ConcurrentDictionary’s support for adding and updating

ConcurrentDictionary’s support for adding and updating

  • Comments 21

ConcurrentDictionary<TKey,TValue> is a new type in the .NET Framework 4, living in the System.Collections.Concurrent namespace.  As noted in the MSDN documentation, ConcurrentDictionary “represents a thread-safe collection of key-value pairs that can be accessed by multiple threads concurrently.” 

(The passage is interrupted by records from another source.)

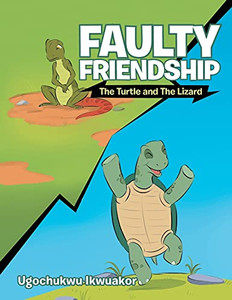 Faulty Friendship: The Turtle And The Lizard Faulty Friendship: The Turtle And The Lizard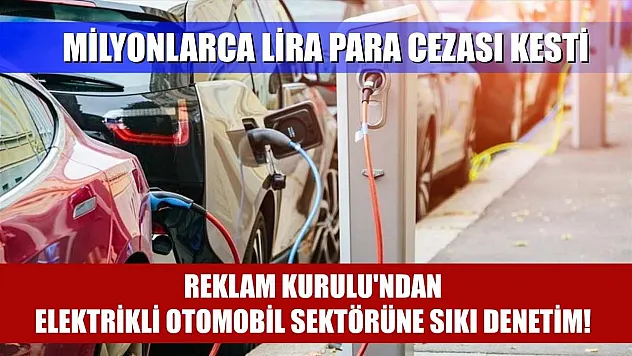 Reklam Kurulu'ndan elektrikli otomobil sektörüne sıkı denetim! Milyonlarca lira para cezası kesti
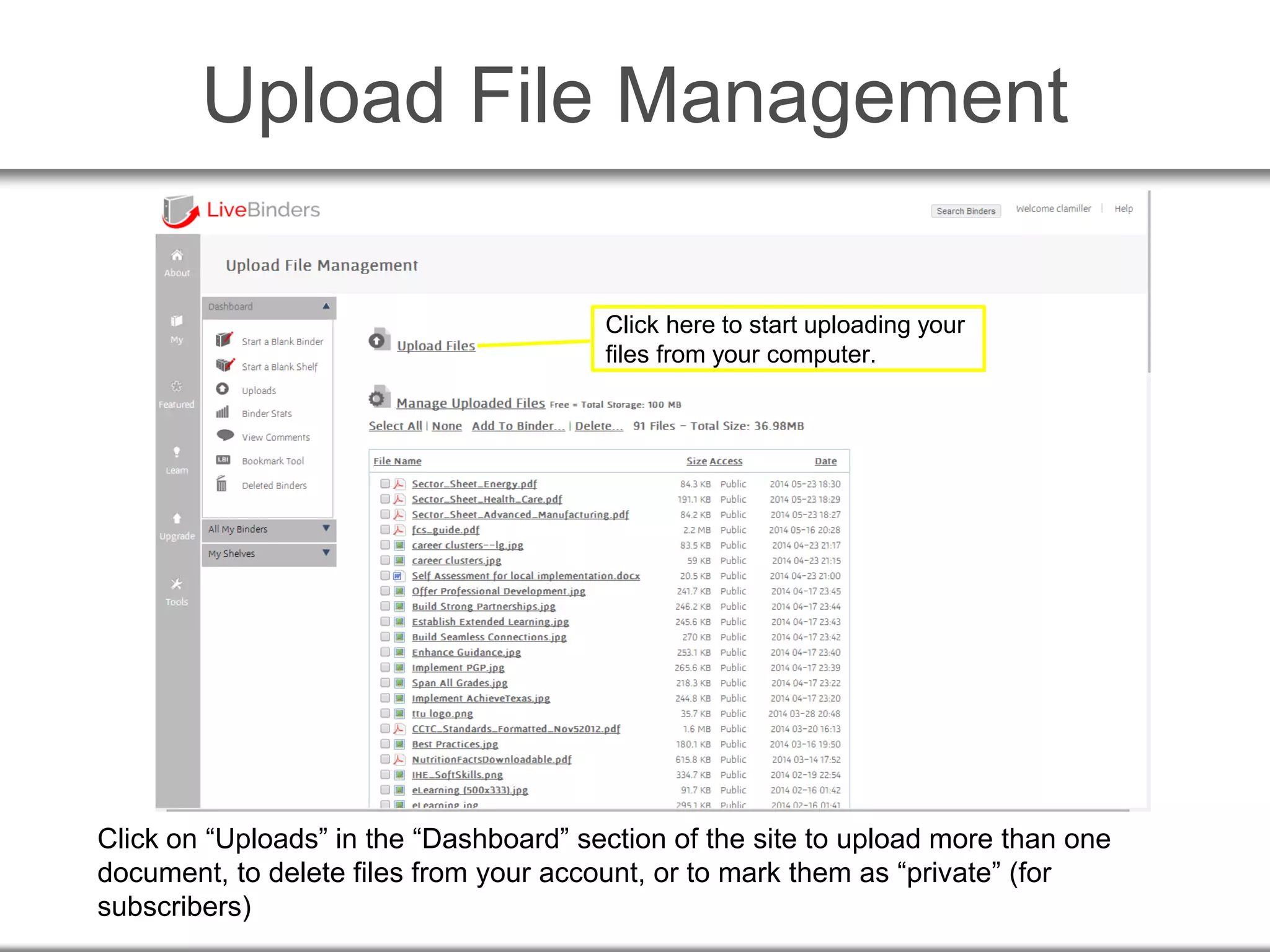 Upload File Management
Click on “Uploads” in the “Dashboard” section of the site to upload more than one
document, to delete files from your account, or to mark them as “private” (for
subscribers)
Click here to start uploading your
files from your computer.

While ConcurrentDictionary implements IDictionary<TKey, TValue> just as does Dictionary<TKey,TValue>, it also has several unique mechanisms for adding / updating key/value pairs in the dictionary, mechanisms specific to its concurrent focus.  Here is a summary of when to use which mechanism.

  • If you want to…
    • Add a new item to the dictionary only if the key doesn’t currently exist in the dictionary…
      • Use TryAdd.  TryAdd accepts the key and the value, and adds the pair to the dictionary if the key doesn’t currently exist in the dictionary.  The method returns whether or not the new pair was added.
        • public bool TryAdd(TKey key, TValue value)
    • Update the value for an existing key in the dictionary, but only if the existing value for that key is equal to a specific value…
      • Use TryUpdate.  TryUpdate accepts the key and the new value to set that key to, but it also accepts the value that the key in the dictionary must currently contain in order for the update to succeed.  You can think of TryUpdate like Interlocked.CompareExchange but for an element in the dictionary.
        • public bool TryUpdate(TKey key, TValue newValue, TValue comparisonValue)
    • Store a key/value pair into the dictionary unconditionally, overwriting any value for that key if the key already exists…
      • Use the indexer’s setter, e.g. dictionary[key] = newValue.
        • public TValue this[TKey key] { get; set; }
    • Add a key/value pair to the dictionary if the key doesn’t exist in the dictionary, or if the key does exist, update the value for the key based on the key’s existing value…
      • Use AddOrUpdate.  AddOrUpdate has two overloads:
        • One overload accepts the key as well as two delegates.  The first delegate is used if the key doesn’t exist in the dictionary; it accepts the key and returns the value that should be added for the key.  The second delegate is used if the key does exist: it accepts both the key and the current value for the key, and it returns the new value that should be set for the key.
          • public TValue AddOrUpdate(TKey key, Func<TKey, TValue> addValueFactory, Func<TKey, TValue, TValue> updateValueFactory)
        • The other overload accepts the key, an add value, and the update delegate.  This is exactly the same as the former overload, except that if the key isn’t in the dictionary, the provided value is added for the key, rather than invoking a delegate to get the necessary value
          • public TValue AddOrUpdate(TKey key, TValue addValue, Func<TKey, TValue, TValue> updateValueFactory)
    • Get the value for a key in the dictionary, adding the value to the dictionary (and returning it) if the key doesn’t exist…
      • Use GetOrAdd.  You can think of this as lazy-initialization for a key/value pair in the dictionary, getting the value if it’s there, or adding it and then getting it if it’s not.  As with AddOrUpdate, GetOrAdd provides two overloads: one takes the value to be added if the key doesn’t exist, and the other takes a delegate that will generate the value if the key doesn’t exist.
        • public TValue GetOrAdd(TKey key, TValue value)
        • public TValue GetOrAdd(TKey key, Func<TKey, TValue> valueFactory)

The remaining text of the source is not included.